My do it all farm dog (Catahoula) very long ally for catahoulas. I figured i would make a post on my success story to help out both threads

Last september my dad said he was buying me a catahoula for a house warming gift. Also when my son gets old enough she will be at his side roaming the farm. So we drove down to louisiana to pick up one from a champion bloodline. Her father and mother were both national or world (cant remember) at baying competitions. And many awards for hunting hogs. 

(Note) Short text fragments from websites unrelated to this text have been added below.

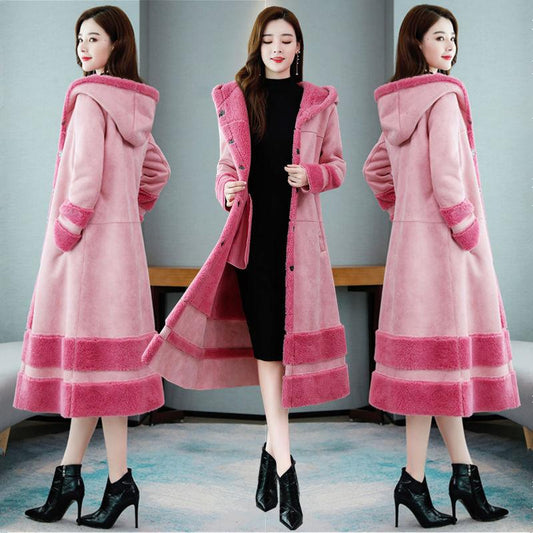 Women Winter Warm Faux Fur Coat Thick Women Long Hooded Coat Women Warm Fleece Lining Coat
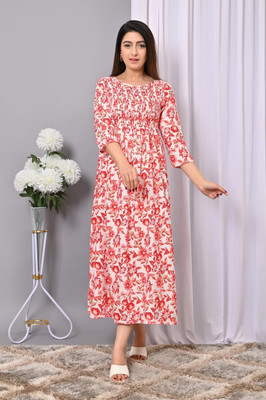 VYMO Women A-line Red, White Maxi/Full Length Dress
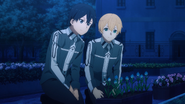 Kirito showing his personal flower planter to Eugeo - S3E07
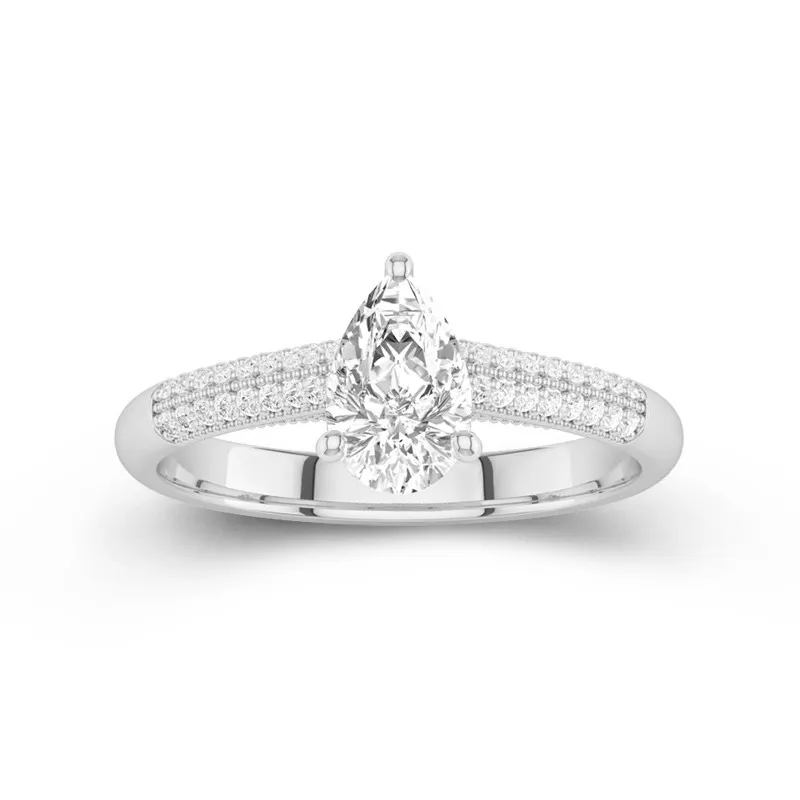 1.00ct Moissanite Engagement Ring 14K White Gold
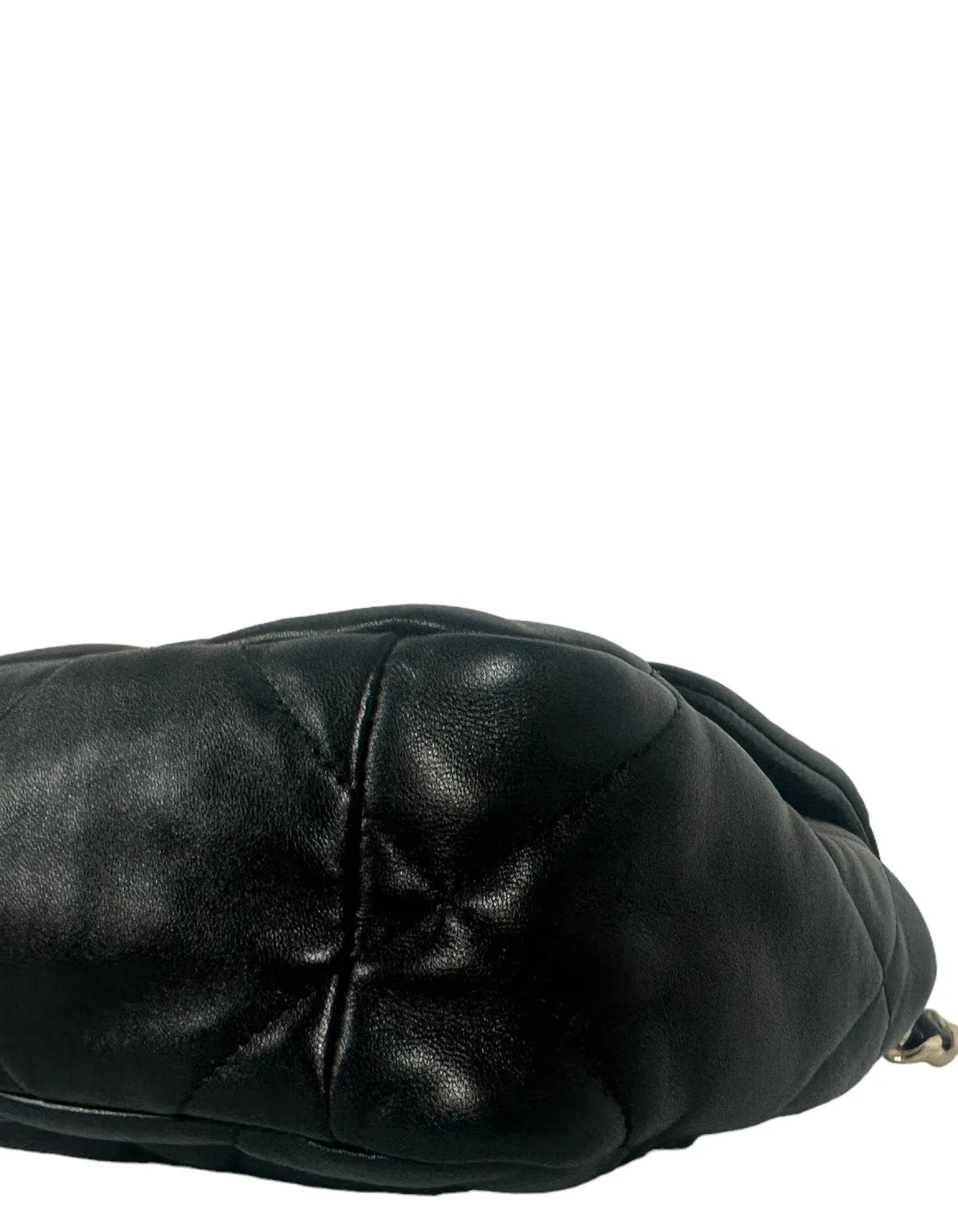 Chanel Silvertone Black Lambskin Quilted Medium 19 Bag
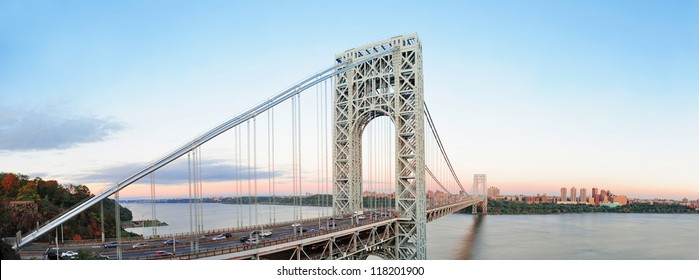 George Washington Bridge at sunset panorama over Hudson River. - Shutterstock ID 118201900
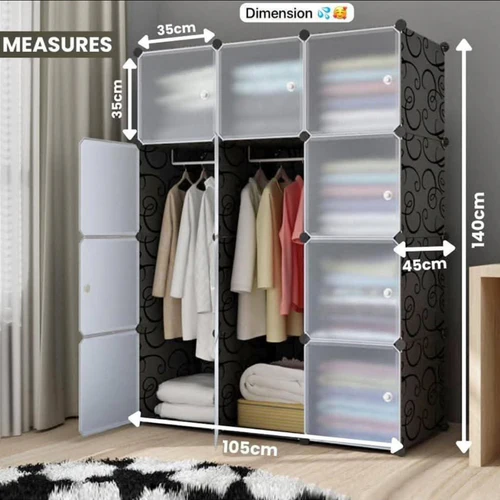Armoire Modulable avec Portes Transparentes – Placard de Rangement pour Vêtements et Dressing Armoire Modulable avec Portes Transparentes – Placard de Rangement pour Vêtements et Dressing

Fast forwards several months. At 6 months we had a coyote and a bobcat come onto the property. I was in fear of my chickens and goats so I started keeping an eye out for them. One day I got a shot and took out the bobcat. She ran off and up a tree a few feet away. I turned her loose to see what she would do. Never hunting before in her life but as soon as I took her to the spot she ran right to the tree and found where the bobcat was hiding. Pretty impressive. About 2 weeks later my wife heard her barking way different and aggresively. My wife hit the front door just intime to see my 6 year old pup hot on the tail of a full grown coyote. My wife chased but there were too gone too fast. 20 mins later she showed back up. The coyote never has. That is almost the only time we have had a predator attack. Except one night, I was out of town and my wife brought Bonnie in because she was just parking. Not really at anything just stretching her vocal cords. That night, something popped he head off a chicken while it was in my kennel. So it goes to show that even though she hasnt fought something everynight, her presence alone keeps everything off my land. She is only 10 months old now and still has done her job flawlessly.

Now to the training, this dog did attack to of my chickens and plucked them. One survived one didnt. She was trying to kill them just playing. She would also get just alittle too rough for my liking with my goats. Also she liked to chase my truck down the driveway to the road. Everyone said get rid of her. But she was doing too much on the farm for me to do that. So I had a shock collar from the past and strapped it on her. I took her around the animals and shocked her when they showed them attention. Also when she chased the cars. Then started working with her through the windows so she didnt relate the shock to me. 

Today at 10 months old she doesnt have a single bad habbit and still protects that farm perfectly. She gets along with all the animals even eats with them. The only time she will chase a chicken away is when they get close to her bowl on the porch. But she never attacks. Just runs to her bowl and chases them off. 

I would recommend them for anyone who needs a farm dog. they are commonly used for hunting, protection, and even cattle work. They are great at herding and are used to take down bulls that wont go to the pen.


----------



## Shirley (May 27, 2007)

Very nice story. Thanks for sharing.


----------



## TedH71 (Jan 19, 2003)

I have one. Always have had at least one. Will be probably getting a 2nd one. I work hogs with mine. I'm hoping to get him started on cattle. They're smart enough to be able to hunt hogs and herd cattle then tree squirrels.


----------



## laughingllama75 (Jul 15, 2011)

My sister has one, and he is awesome. 

edited to add, he will not touch livestock, but will kill any possum/****/skunk/chipmunk he can get his mouth on. He got 16 chipmunks in one day, lol. Best loyal farm dog around.


----------